**What the task asks:** Could the lines from the line bearing "Sapphire and Fancy" to the end of the records below be copied exactly, with the pictures left out and no other lines added?

────────

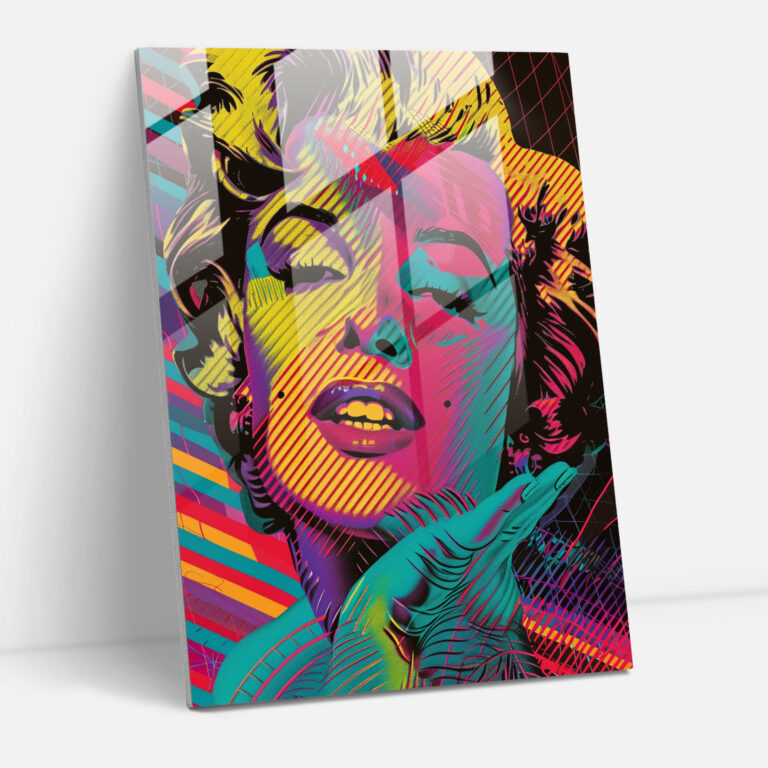 Andy Warhol Cam Tablo Marilyn Monroe - Duvar Sanatı Cam Sanat Cam Tablo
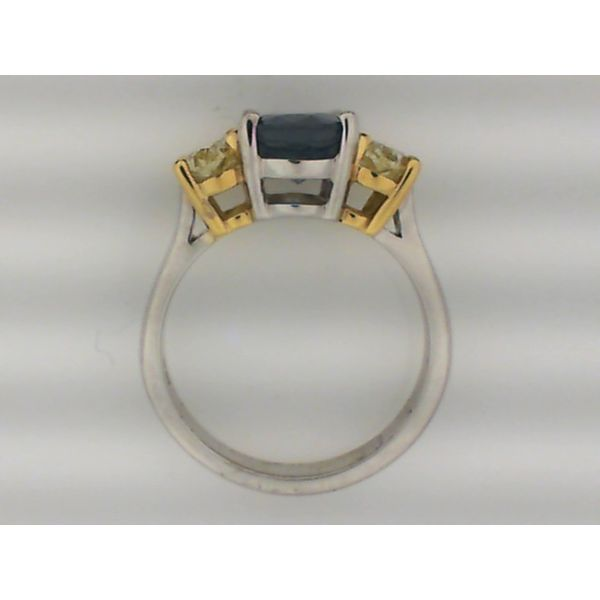 Sapphire and Fancy Yellow Diamond Ring Image 3 Simones Jewelry, LLC Shrewsbury, NJ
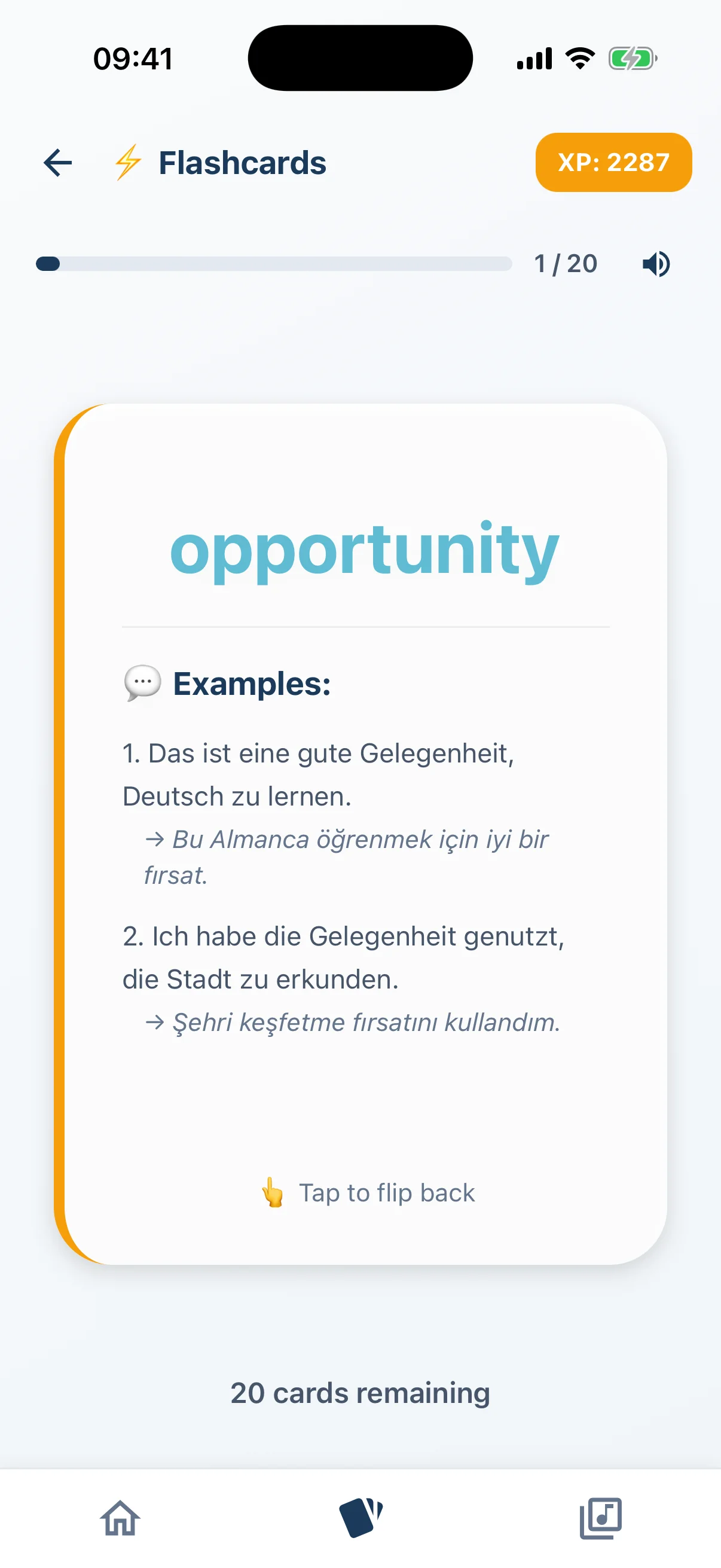 A Lingotify flashcard flipped to its back, showing the word opportunity with two German example sentences and their Turkish translations, and twenty cards remaining below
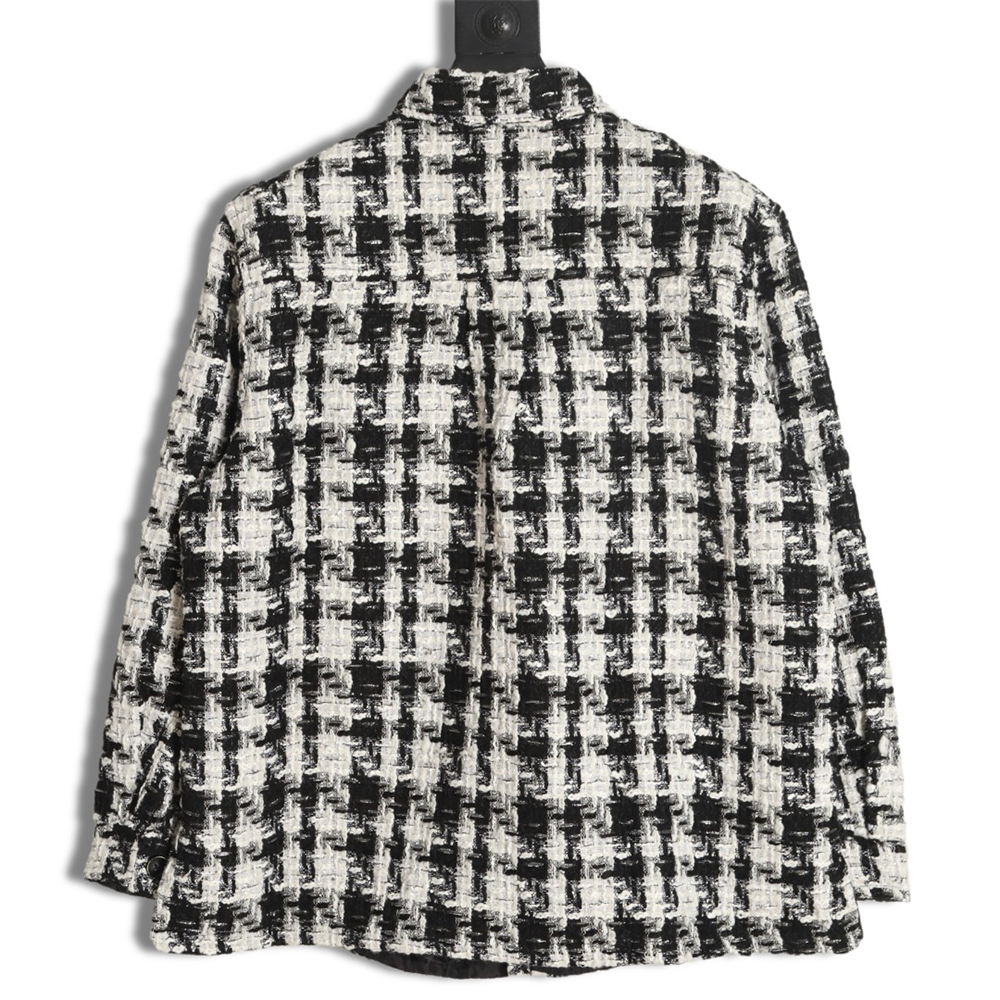 Charlie Luciano pleated silver-thread-woven check shirt jacket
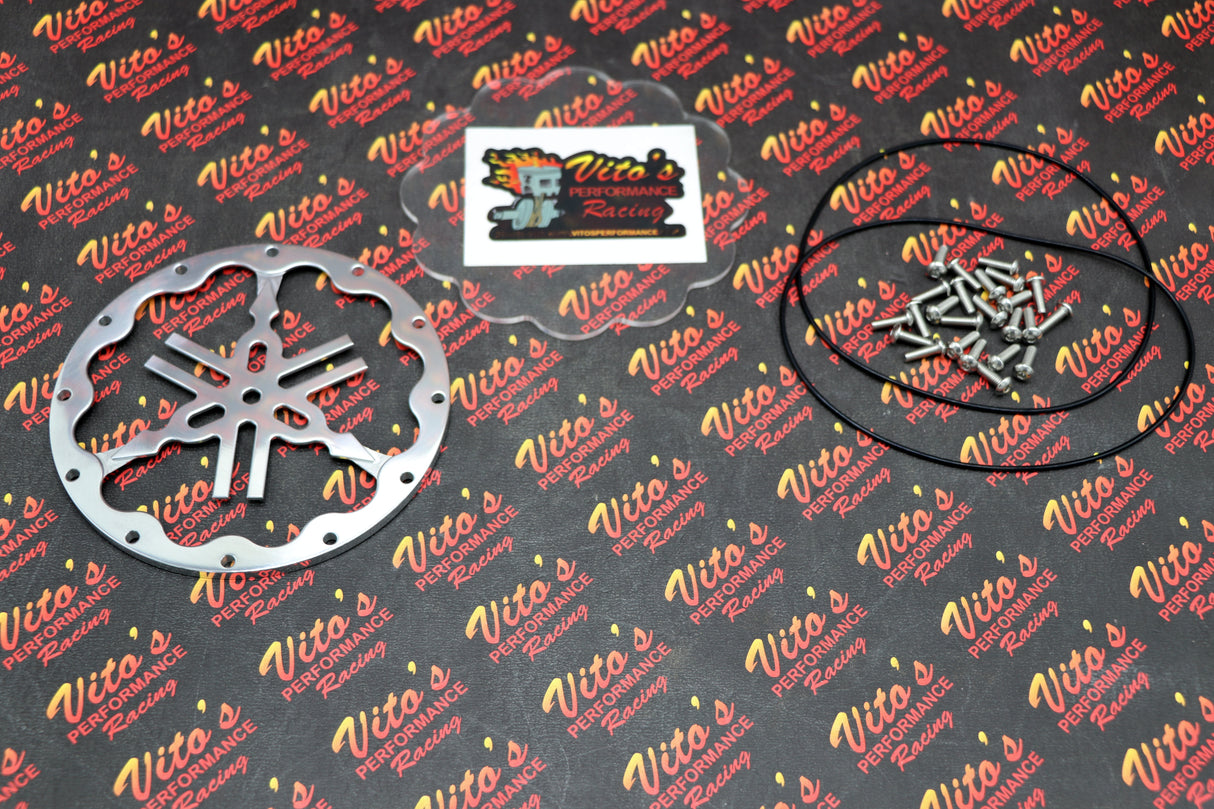 SILVER Lexan insert clear cover O-ring screws Vito's Banshee billet stator cover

────────

**Answer to this task:**
 Sapphire and Fancy Yellow Diamond Ring Image 3 Simones Jewelry, LLC Shrewsbury, NJ
 A Lingotify flashcard flipped to its back, showing the word opportunity with two German example sentences and their Turkish translations, and twenty cards remaining below
 Charlie Luciano pleated silver-thread-woven check shirt jacket
 SILVER Lexan insert clear cover O-ring screws Vito's Banshee billet stator cover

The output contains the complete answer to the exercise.